In presenza di Parkinson, la produzione di dopamina si riduce a causa della degenerazione dei neuroni presenti nella sostanza nera (la perdita cellulare è di oltre il 60% all’esordio dei sintomi). La durata della fase preclinica, cioè del periodo di tempo che intercorre tra l’inizio della degenerazione neuronale e l’esordio dei sintomi motori, non è ancora nota.

Quali sono i sintomi della malattia di Parkinson?

I principali sintomi della malattia di Parkinson sono:

  • la bradicinesia
  • il tremore a riposo
  • la rigidità
  • l’instabilità posturale con perdita di equilibrio.

Questi sintomi, in genere, si presentano in modo asimmetrico: un lato del corpo può essere più interessato dell’altro. 

Ma il Parkinson non colpisce solo il movimento: infatti può accompagnarsi a sintomi non motori, come pressione bassa, diminuzione dell’olfatto, dolore, disturbi del sonno, modificazioni del tono dell’umore, difficoltà di attenzione o della sfera comportamentale.

Quali sono le cause della malattia di Parkinson?

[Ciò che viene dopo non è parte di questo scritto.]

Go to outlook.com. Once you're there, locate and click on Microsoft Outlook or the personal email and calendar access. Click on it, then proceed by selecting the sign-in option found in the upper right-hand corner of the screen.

Le cause della malattia di Parkinson non sono ancora del tutto chiarite. Sembra però che diversi fattori concorrano al suo sviluppo, tra cui:

  • fattori genetici: circa il 10–15 % dei pazienti presenta mutazioni familiari in alcuni geni (SNCA o LRRK2), che aumentano la probabilità di ammalarsi
  • fattori ambientali: l’esposizione a sostanze tossiche come pesticidi, idrocarburi-solventi e metalli pesanti (piombo, manganese), usati nelle zone agricole o industriali è stata associata a un maggior rischio. Anche l’inquinamento urbano e le lesioni cerebrali (come ad esempio, commozioni ripetute) sembrano giocare un ruolo significativo.
  • età: il rischio cresce con l’avanzare degli anni, dopo i 60 anni.

Si può prevenire la malattia di Parkinson?

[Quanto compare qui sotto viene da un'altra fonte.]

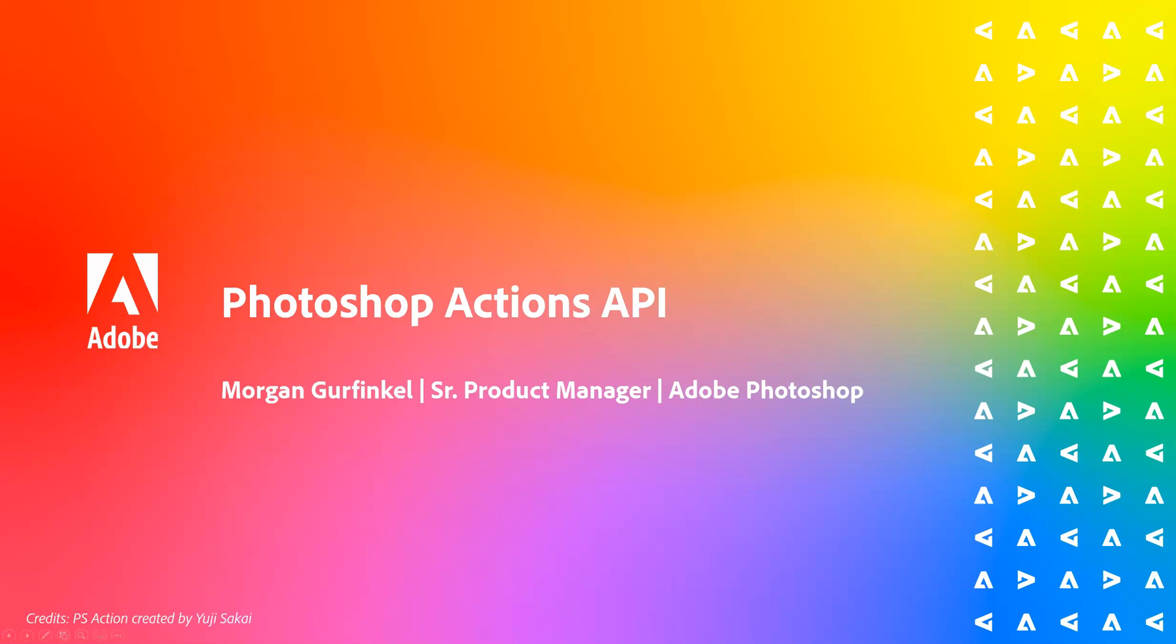Hi, I'm Morgan Gerfinkel, Senior Product Manager on the Adobe Photoshop team. Today I'm going to show you the power of using Photoshop Actions via our brand new Cloud API.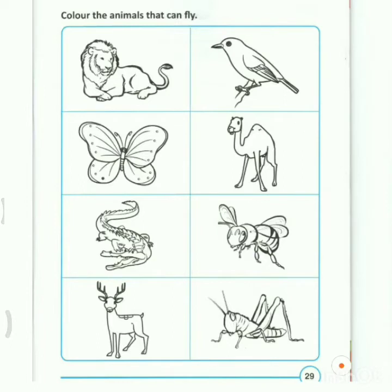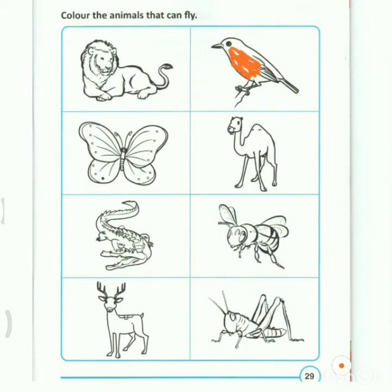On this page, you are going to color animals that can fly. Please take your crayons and color pencils. Listen carefully — color the animals that can fly. I'll give you one example: birds can fly, so I'm going to color the birds.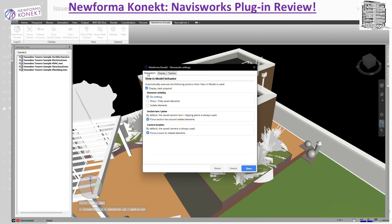The first tab is called Navigation. The first option is 'automatically execute the following action' — Display Clash Pinpoint. All issues created with the clashes-to-issues command will expose their clash pinpoint. If you have this on, it basically shows a sphere or pinpoint at the location where the clashes exist. For element visibility, 'Do Nothing' means the default setting — it won't hide, show, or isolate any elements.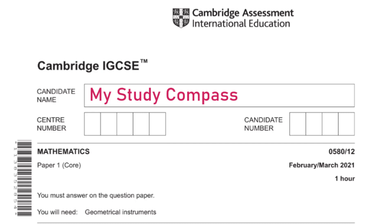Hi guys! Welcome to my SteadyCompass. In this video, I'll be walking you through the past paper, Math B1, Variant 2, February-March 2021. Let's get started.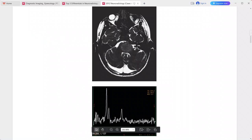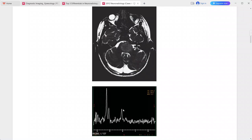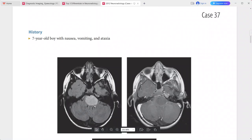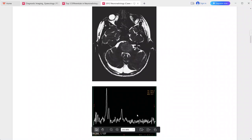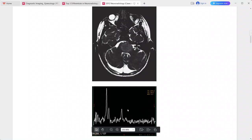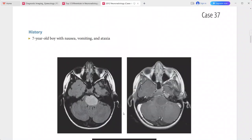MR spectroscopy shows a choline-to-creatinine ratio greater than 2:1 and marked reduction in the NAA peak. This picture, along with the MRS findings, is consistent with diffuse pontine glioma.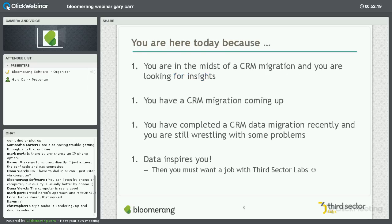If you're here with us, you're here because you're in the midst of a CRM migration, or perhaps you've got one coming up and you want to plan for it. You may have some problems or issues you're still wrestling with. You've probably got a CRM data migration that is right around the corner, or has just left you around the corner, and you're trying to wrestle with that.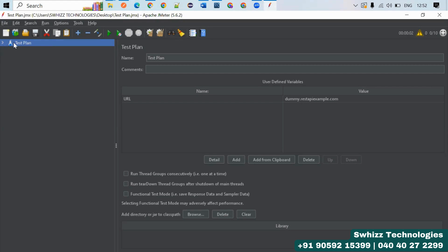Inside the Test Plan, you also have Thread Groups. The Test Plan is where you give the name of your performance test, such as an employee testing or login module. Within the Test Plan, you select and add Thread Groups.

Non esistono a oggi farmaci o sostanze in grado di prevenire la malattia di Parkinson. Alcuni studi hanno evidenziato che praticare attività fisica con regolarità è uno dei fattori protettivi, così come il consumo di caffè, anche se non sono chiari i meccanismi di base.

Come si diagnostica il Parkinson? 

La diagnosi della malattia di Parkinson non si basa solo sull’esame clinico – la visita neurologica – , ma si fonda anche sulla storia clinica e familiare del paziente, oltre che sulla valutazione di sintomi e segni neurologici. Sulla base della valutazione del neurologo, possono essere necessari alcuni esami a supporto del percorso diagnostico, quali la RM, la SPECT DATscan, la PET cerebrale per escludere altre patologie.

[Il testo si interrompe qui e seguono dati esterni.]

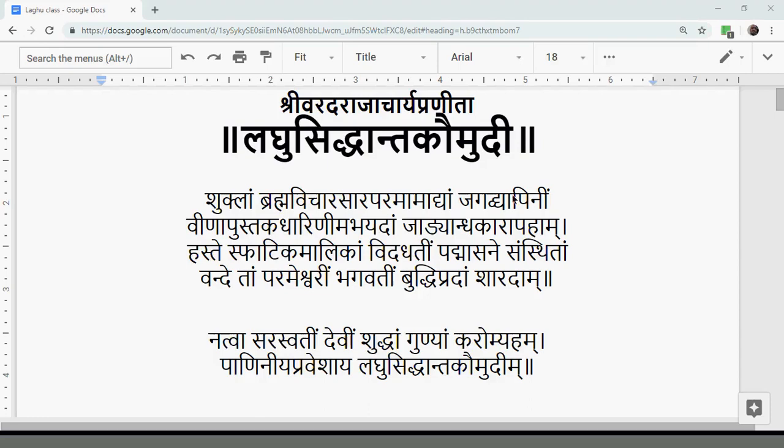Shukram Brahma Vicharasara Paramah Matyam Jagadhyapinim Vena Pussapadharunim Amalikam Jadyandakarapaham Hastespaatitamalikam Vizhatin Padmasane Sausitam Vambetam Parameshwarim Bhaktiraptipradam Shahradam Yatva Sarashtakinam. Devim Shiktam Guryam Karuntham Paani Nia Praveshaya Dharu Siddhanta Komkeya.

Quali sono i trattamenti per la malattia di Parkinson?

Non esiste al momento una cura per guarire la malattia di Parkinson, ma è possibile alleviare i sintomi con un approccio multidisciplinare basato su:

  • Farmaci: Levodopa + carbidopa, levodopa + benserazide, agonisti dopaminergici, spesso in combinazione con inibitori delle MAO-B (monoamino ossidasi) o della COMT (Catecol-O-Metiltransferasi), resta la terapia di prima scelta.
  • Supporto integrato: professionisti come fisioterapisti, terapisti occupazionali, logopedisti e psicologi possono aiutare il paziente a migliorare la qualità di vita affrontando riabilitazione motoria, del  linguaggio, supportando condizioni emotive e aspetti quotidiani, supportando anche anche coinvolgendo la famiglia e i caregiver.
  • Terapie avanzate: la stimolazione cerebrale profonda (DBS) è utile in pazienti con fluttuazioni motorie importanti non controllate dai farmaci; infusione intestinale di levodopa + carbidopa gel e apomorfina (agonista dopaminergico) per via sottocutanea possono essere indicati nelle forme avanzate. Anche l’uso di ultrasuoni focalizzati ad alta intensità su alcune aree cerebrali, sta diventando una tecnica interessante, non invasiva per il tremore unilaterale.